È su questo orizzonte e in questa dinamica che si è collocata la catechesi quaresimale con l’arte che l’Associazione Chiese Vive ha organizzato il 14 marzo a San Zeno, in accordo con la parrocchia e con l’abate mons. Giovanni Ballarini per accompagnare il tempo liturgico verso la Pasqua. Il dipinto scelto, Eterna eclissi, che risale al 1966, è custodito in sala Zanotto dal marzo dello scorso anno, quando è stato donato all’abbazia dal suo autore, Aladino Ghioni (classe 1936).
Considerato tra i maggiori pittori neo-surrealisti del panorama odierno e oggi trasferito a San Diego (in California) dalla figlia Katia, nel suo periodo veronese realizzò questa tela: una sorta di invocazione (quasi un ex voto) per la salute della moglie. Racconta l’artista, che non ha mai voluto venderla, neanche in momenti di difficoltà economica, e che la basilica di San Zeno è per lui così cara da essere il luogo più desiderabile per consegnarla alle generazioni future.

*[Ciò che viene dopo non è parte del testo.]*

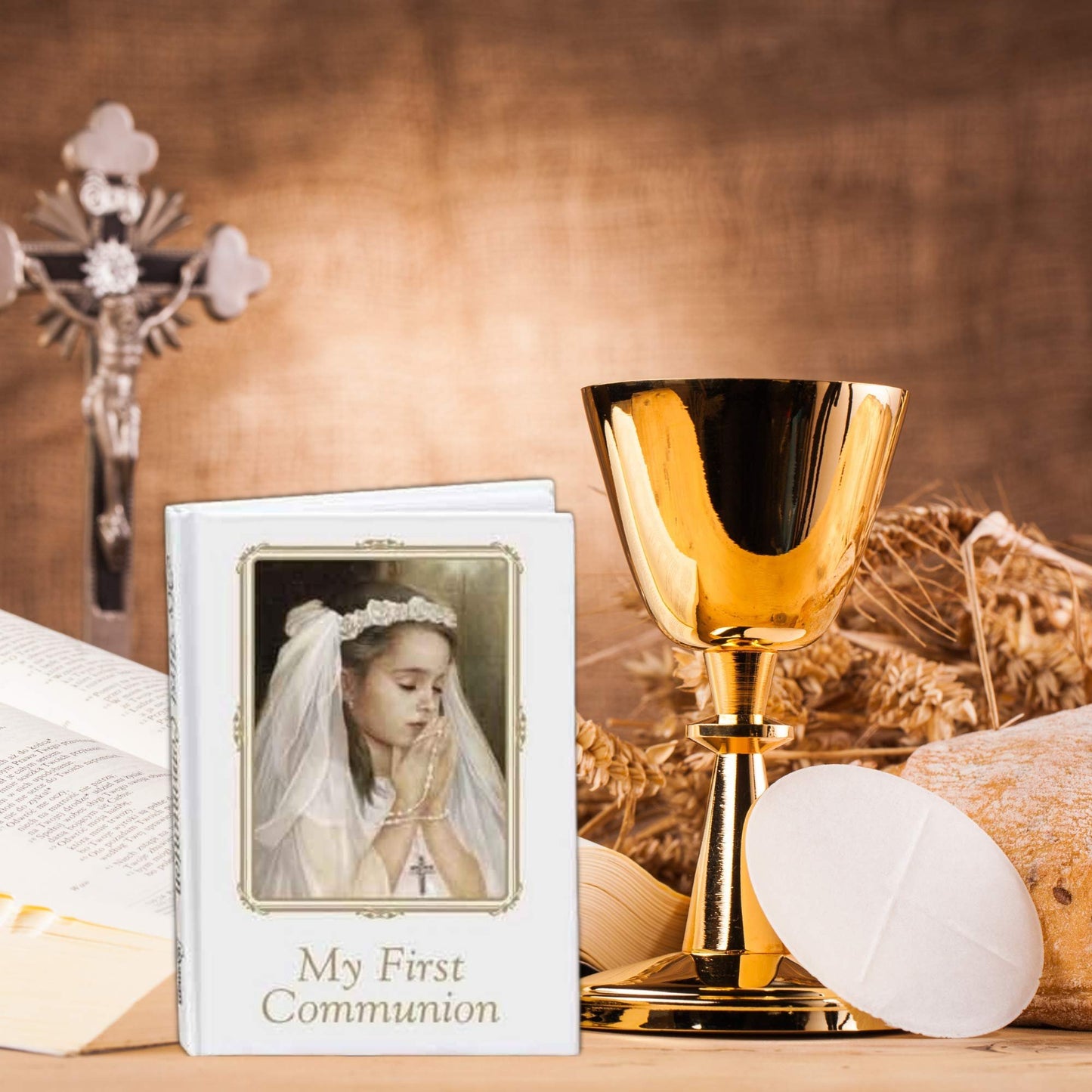 Roman "My First Communion" Prayer Book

La catechesi si è svolta proprio davanti al dipinto ed è stata a più voci, anche quelle dei partecipanti, nella convinzione che la lettura sinfonica di un’opera d’arte possa veramente arricchirci reciprocamente: a curare l’incontro sono stati il nostro Vescovo, mons. Domenico Pompili, e don Antonio Scattolini, delegato vescovile per la pastorale dell’arte in diocesi. Quando si entra nella sala Zanotto si attraversa uno spazio ricco di storia, in origine deputato a libreria della comunità di benedettini che, fin dal IX secolo, si raccolse attorno alla tomba del vescovo di Verona.

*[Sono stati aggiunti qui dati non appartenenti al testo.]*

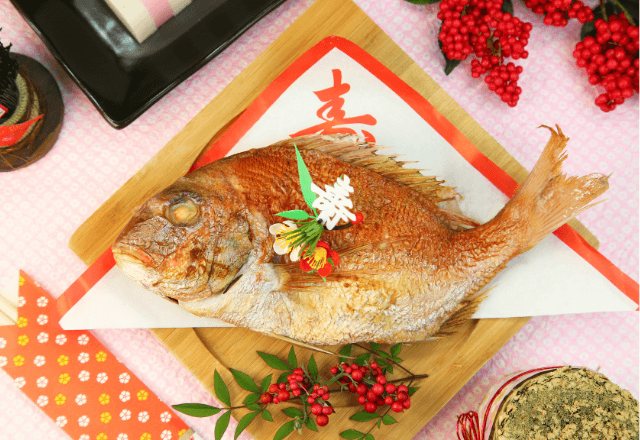 お食い初めの献立どう作る？料理の意味と簡単レシピ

Questo ambiente si presenta, ora, nella forma che gli diede l’architetto Libero Cecchini nel contesto di felici interventi di restauro che interessarono il complesso sanzenate negli anni Ottanta del secolo scorso. Sulle sue pareti si trovano alcuni affreschi staccati di epoca medievale, qui radunati per motivi di più adatta conservazione: è tra essi che spicca, per grandezza, per soggetto, per stile, il quadro di Ghioni. Mostra una visione, più che una narrazione, potente per via di decisi contrasti che alternano luci e ombre. Il fondo, buio quanto faceva Caravaggio, è illuminato da un tramonto o un’alba, e da una folgore che colpisce la croce.
La figura del Crocifisso risulta ripresa da una prospettiva inusuale: rivolta al cielo in modo da nasconderne parte del volto, ribalta quella di Salvador Dalì, maestro surrealista “per eccellenza” del Novecento. Chiodi e monete costellano la tela e spuntano dal supporto a rilievo, evocando il tradimento e la violenza. Nel mezzo di quella che sembra un’esplosione sconvolgente e di tono apocalittico, la raffigurazione fa percepire un senso di caduta, ma al tempo stesso di innalzamento, attrazione e abbraccio, nel segno di una ferita/feritoia che diviene speranza. Il dramma dipinto avvicina al Mistero, invitando a cercare il volto del Crocifisso nei volti dei crocifissi di carne che incontri e a spingersi oltre l’eclissi che, ricordiamolo, per sua natura è sempre temporanea. E, così, la luce pasquale ritorna.